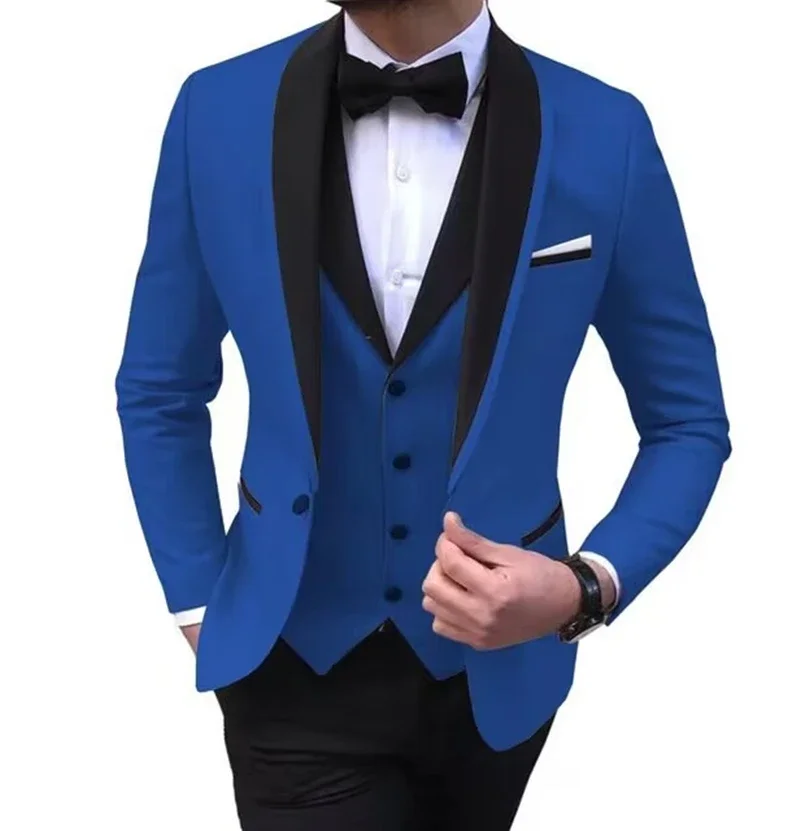 Solid Men\'s 3 Pieces Wedding Suit One Button Shawl Lapel Jacket Vest Pants Dinner Groom Tuxedos Slim Fit Formal Business Suits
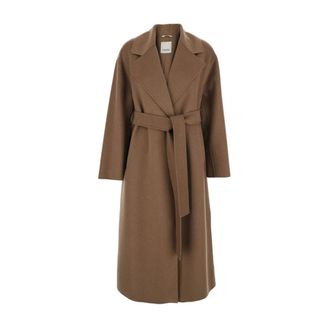Max Mara Belted Coats, female, Brown, Size: M Hobby Double-Breasted Coat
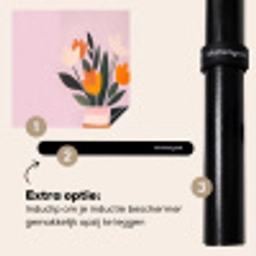 Tulpen - Vaas - Strepen - Paars Inductie beschermer vinyl 3mm middel -zzzzzzz-induclip_NL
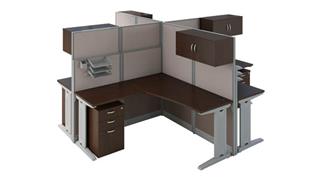 Workstations & Cubicles Bush Furnishings 4 Person L-Shaped Cubicle Desks with Storage, Drawers, and Organizers
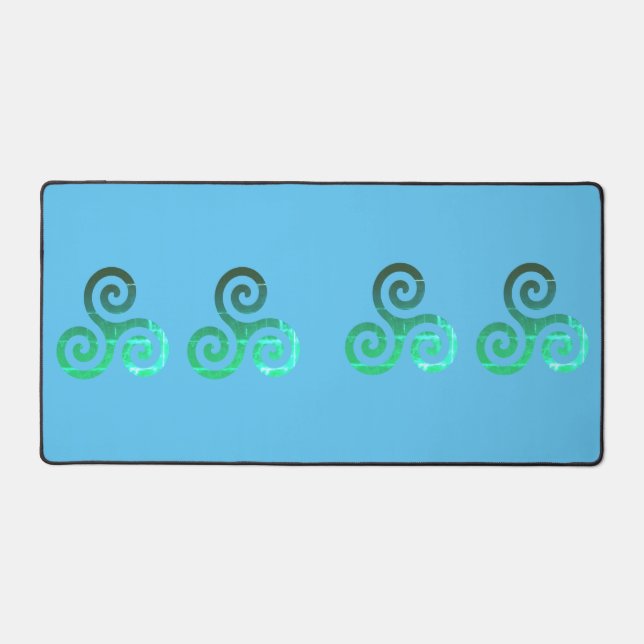 Emerald Triskele Ancient Celtic Symbol Desk Mat (Front)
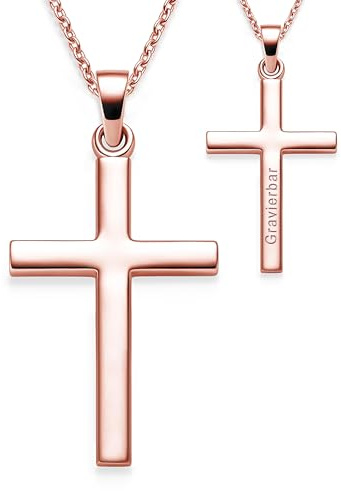 Kreuz Kette Mädchen Jungen Kommunion Rosegold | Kreuzanhänger Halskette | Kinderschmuck Erstkommunion Taufgeschenk Konfirmation Firmung Geburt Taufe | Goldkette Kreuzkette Taufkette Kinderkette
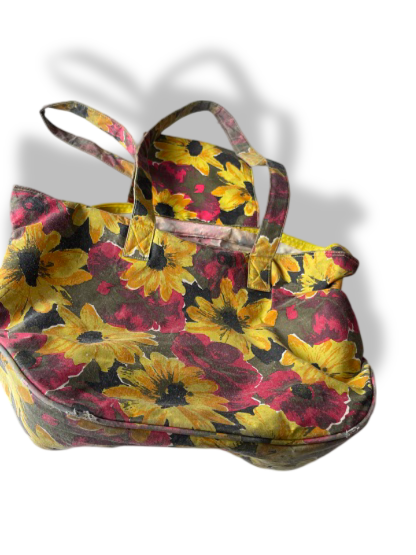 Vintage wome's multi floral print large handbag|L12 W20|SKU 4784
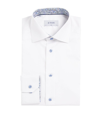 Eton Men's Slim Fit Twill Shirt With Light Blue Buttons In White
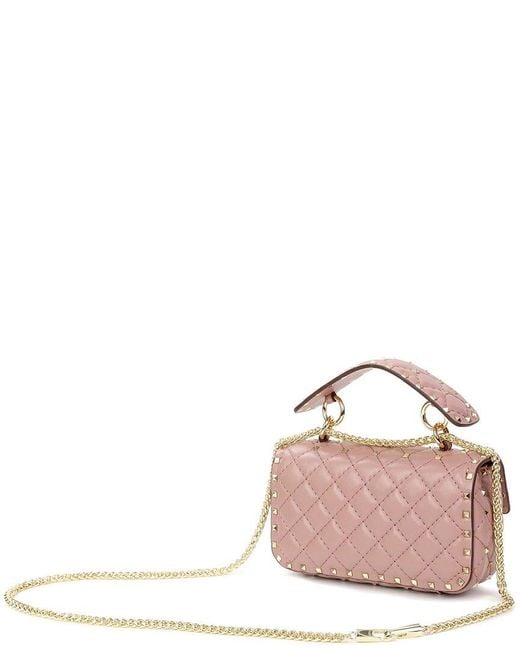 Tiffany & Fred Paris Pink Quilted & Studded Leather Crossbody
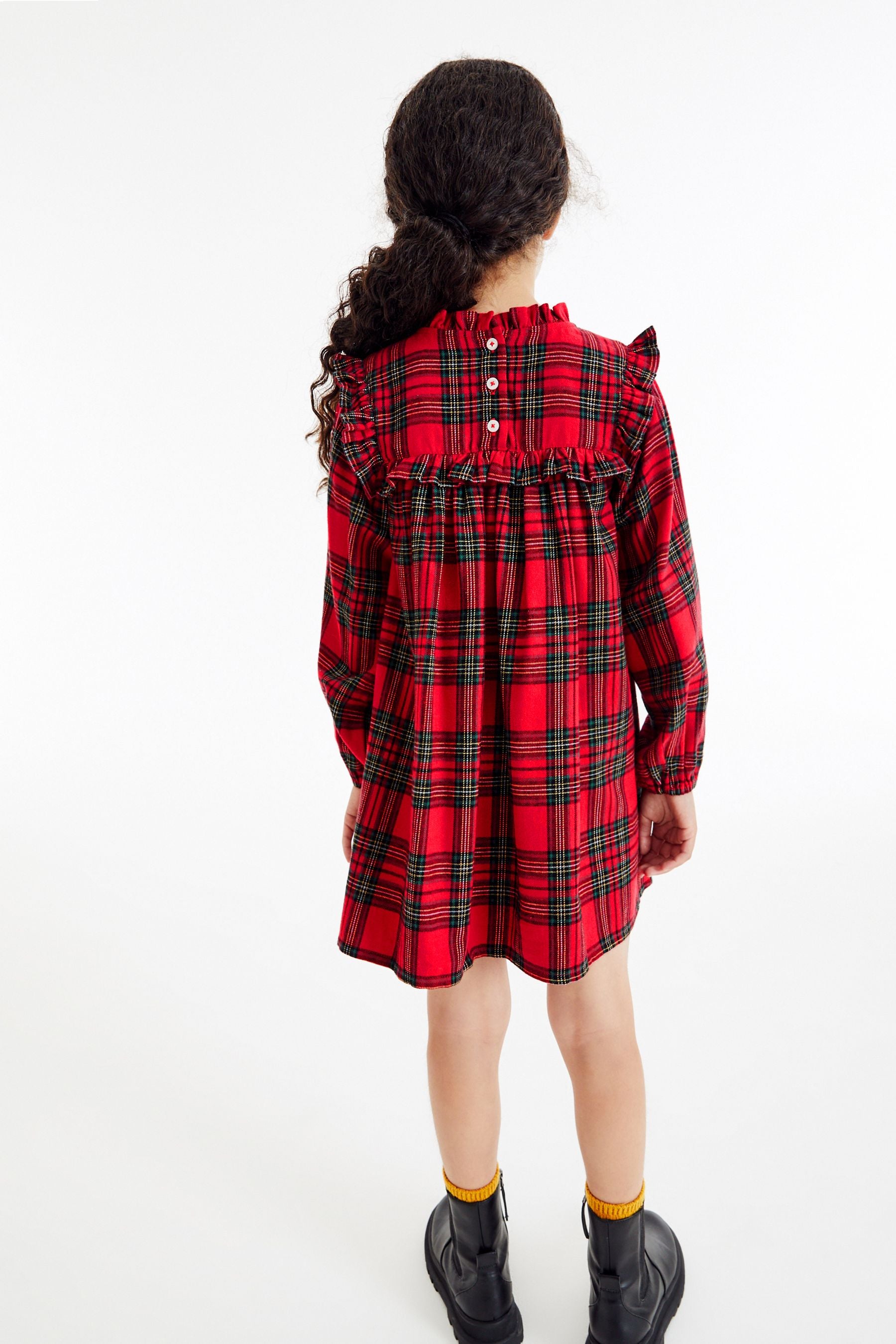 Red Next Check Dress (3-16yrs)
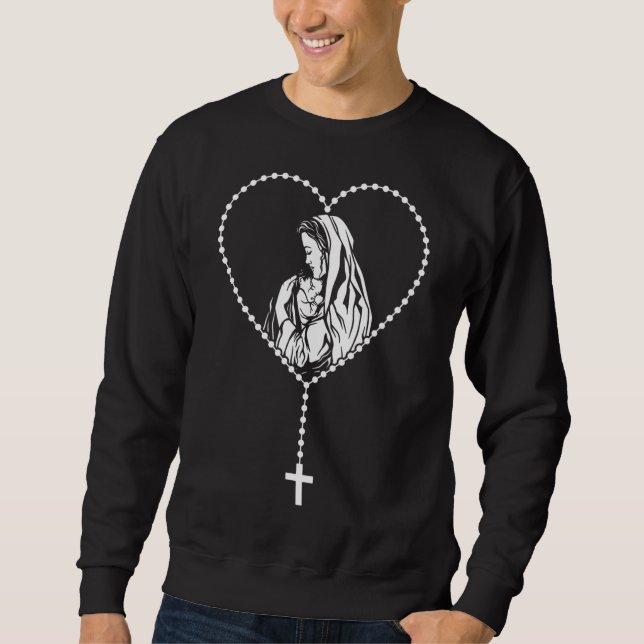 Sweatshirt Croix du Rosaire catholique Vierge Marie Jésus (Devant)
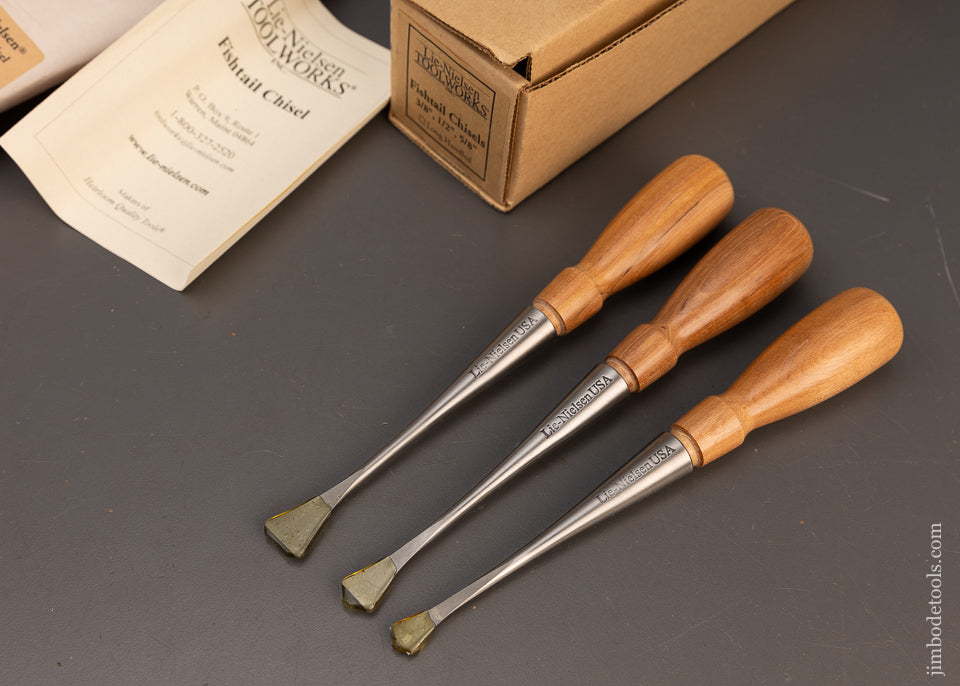 Mint Set of All 3 LIE NIELSEN Fishtail Chisels Mint in Box - 116200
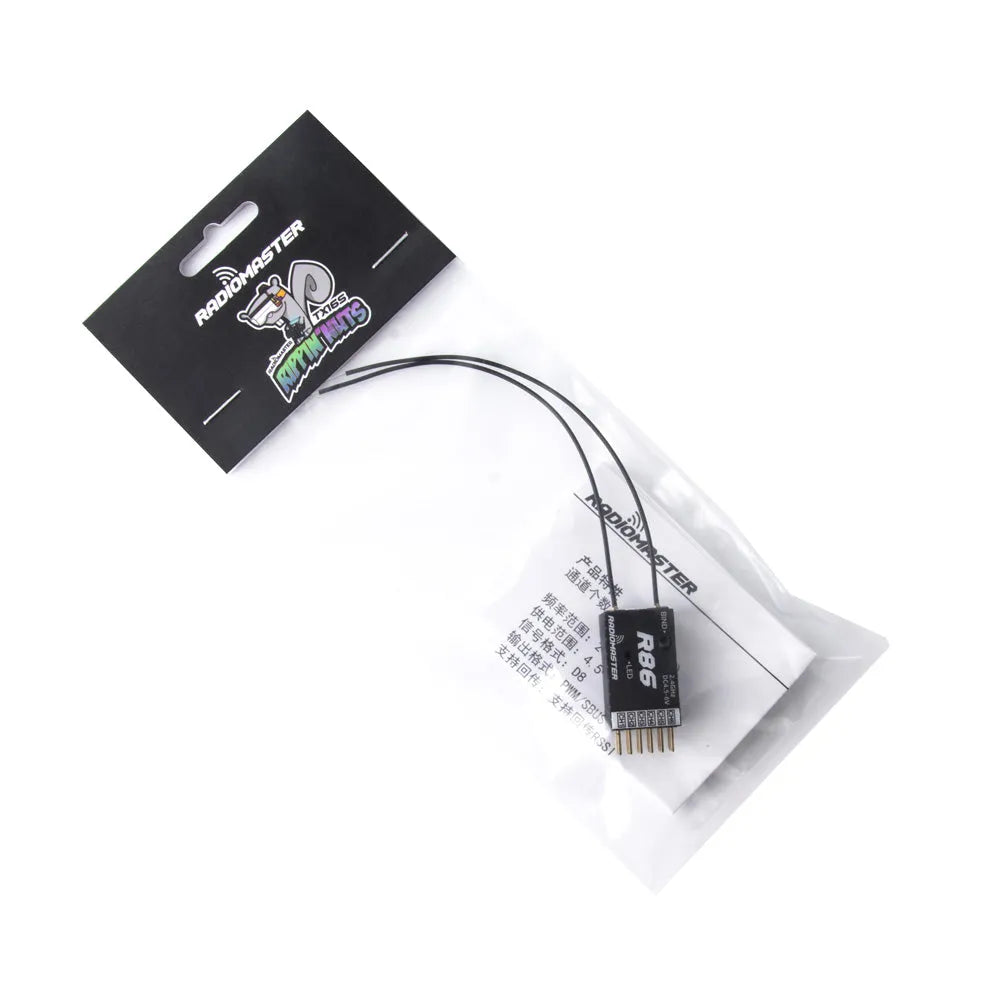 RadioMaster R86 2.4GHz 6CH Long Range Nano Receiver (Over 1KM) - PWM, FrSky D8 Compatible, RSSI Support for RC Drones, FPV Racing & DIY Quadcopters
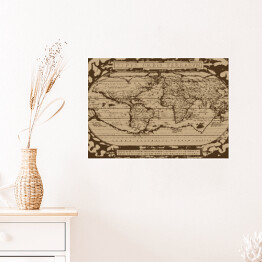 Plakat samoprzylepny Stara mapa świata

### Your goal
Write out exactly the lines from the one that contains "Tiffany & Fred" through the last line of the data above, both included. Leave every picture out.

### Task response
 Tiffany & Fred Paris Pink Quilted & Studded Leather Crossbody
 Red Next Check Dress (3-16yrs)
 Sweatshirt Croix du Rosaire catholique Vierge Marie Jésus (Devant)
 Mint Set of All 3 LIE NIELSEN Fishtail Chisels Mint in Box - 116200
 RadioMaster R86 2.4GHz 6CH Long Range Nano Receiver (Over 1KM) - PWM, FrSky D8 Compatible, RSSI Support for RC Drones, FPV Racing & DIY Quadcopters
 Plakat samoprzylepny Stara mapa świata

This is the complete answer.